Listed records |
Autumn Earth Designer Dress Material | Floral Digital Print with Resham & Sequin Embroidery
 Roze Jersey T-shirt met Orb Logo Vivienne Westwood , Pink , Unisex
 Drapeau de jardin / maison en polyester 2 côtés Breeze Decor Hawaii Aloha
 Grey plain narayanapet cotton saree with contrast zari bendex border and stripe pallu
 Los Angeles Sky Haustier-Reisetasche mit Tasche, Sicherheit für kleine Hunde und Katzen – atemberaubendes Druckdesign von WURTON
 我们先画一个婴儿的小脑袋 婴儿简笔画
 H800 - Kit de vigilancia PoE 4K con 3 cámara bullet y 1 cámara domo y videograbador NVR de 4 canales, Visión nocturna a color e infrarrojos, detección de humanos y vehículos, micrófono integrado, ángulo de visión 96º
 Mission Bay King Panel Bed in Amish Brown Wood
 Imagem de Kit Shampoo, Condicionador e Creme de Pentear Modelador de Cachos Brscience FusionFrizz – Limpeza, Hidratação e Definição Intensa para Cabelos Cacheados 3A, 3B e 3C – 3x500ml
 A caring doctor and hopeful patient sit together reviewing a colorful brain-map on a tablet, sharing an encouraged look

Assigned task |
The line with "Grey plain narayanapet" is the last to include; transcribe exactly every line from the top of the material above down to it.

Exercise answer |
Autumn Earth Designer Dress Material | Floral Digital Print with Resham & Sequin Embroidery
 Roze Jersey T-shirt met Orb Logo Vivienne Westwood , Pink , Unisex
 Drapeau de jardin / maison en polyester 2 côtés Breeze Decor Hawaii Aloha
 Grey plain narayanapet cotton saree with contrast zari bendex border and stripe pallu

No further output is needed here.